Sniffing a chance to divide the opposition, Mr Lahoud's remaining men are fanning sectarian flames. "If they keep on pushing internationally and domestically, it will blow up into a civil war," says a presidential official. Though Mr Lahoud can no longer count on the army, which has already disobeyed orders to crush the demonstrators, his security chiefs are continuing their reign. 

Lebanon is exhausted by war, but the ingredients for violence are still very much there. While the Iranian- and Syrian-backed Islamist movement, Hizbullah, is Lebanon's best-armed militia, all the old warlords still have their private ports, through which they can rush arms into Lebanon within hours. 

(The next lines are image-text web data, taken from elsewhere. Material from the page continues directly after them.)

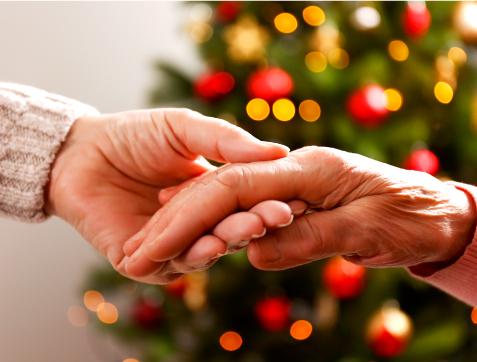 Close-up of two hands gently holding one another in front of a blurred, decorated Christmas tree.
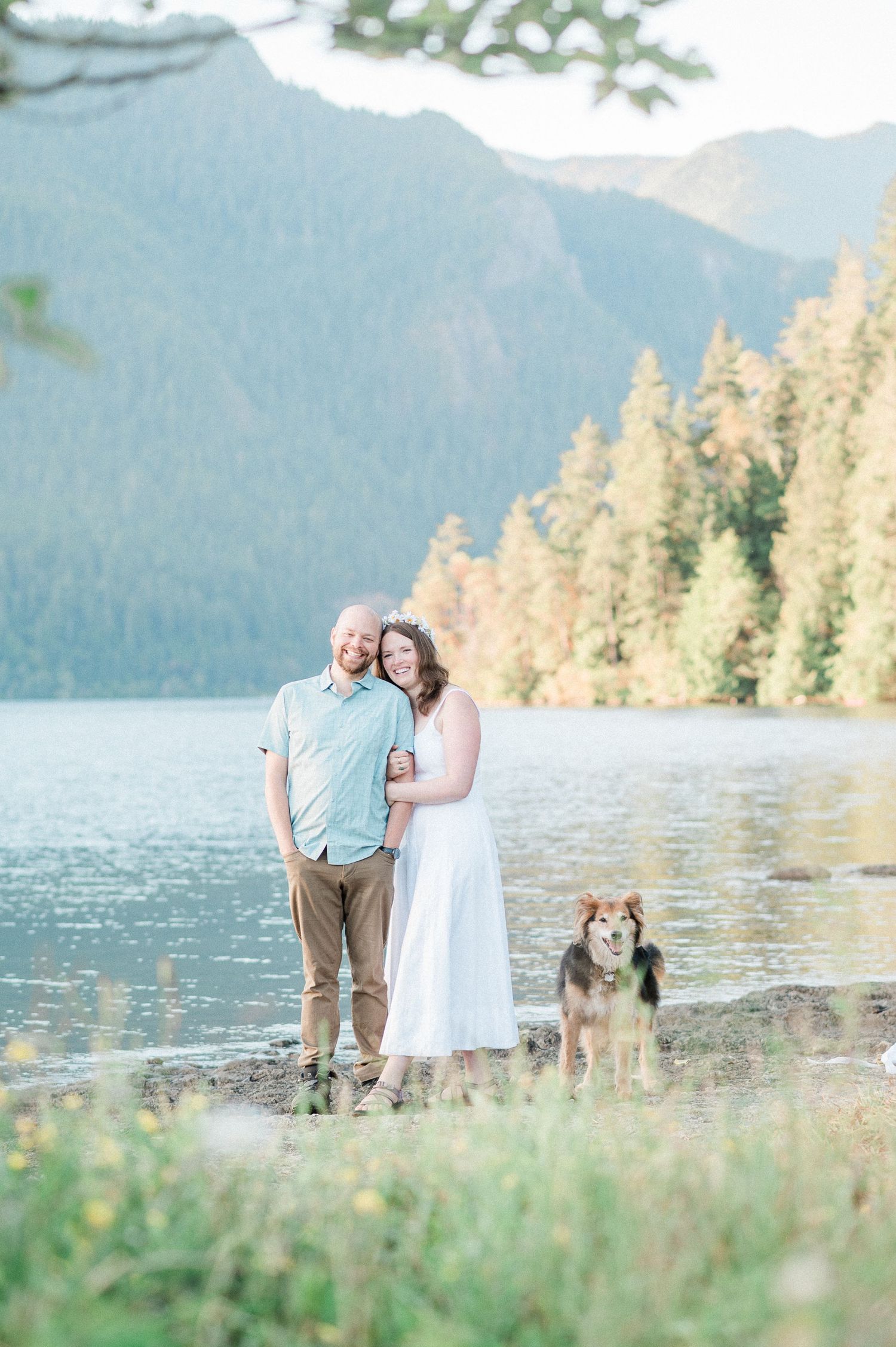 Newly married couple at Lake Crescent with dog. Photo by Washington Elopement photographer.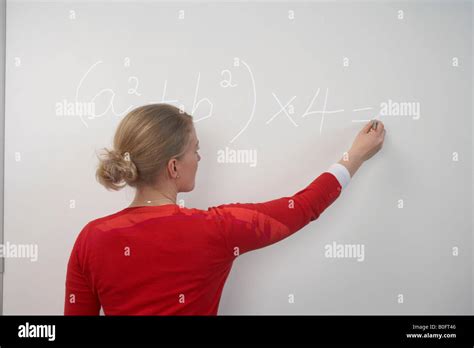 Teacher writing on whiteboard Stock Photo - Alamy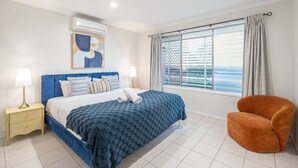 A bedroom with a bed, a nightstand, a chair, a window with curtains, and an air conditioning unit. - Heart of Sunnybank | Prime Location | Great Value (Sunnybank)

So far all the country's religious leaders have sought to restrain ambitious sectarian politicians, but the opposition sorely needs a unifying figure. Mr Hariri's sister Bahia, an MP, has impressed with her moderation, courage and non-sectarian embrace. While some of the best-known opposition figures, such as Mr Jumblatt and the Maronite leader, Amin Gemayel, have retreated to their strongholds in apparent fear for their lives, Ms Hariri calmed the crowds from the podium in Martyrs' Square. She hurried to comfort New Jdeideh, a Christian suburb in Beirut hit by last week's bomb. And she has reached out to the restless followers of Hizbullah.

If she were made prime minister, it would hardly reduce the blight of nepotism. But it would at least give all Lebanon's communities a respected prime minister to fill the vacuum and the modern Arab world its first female leader. That really would mark a break.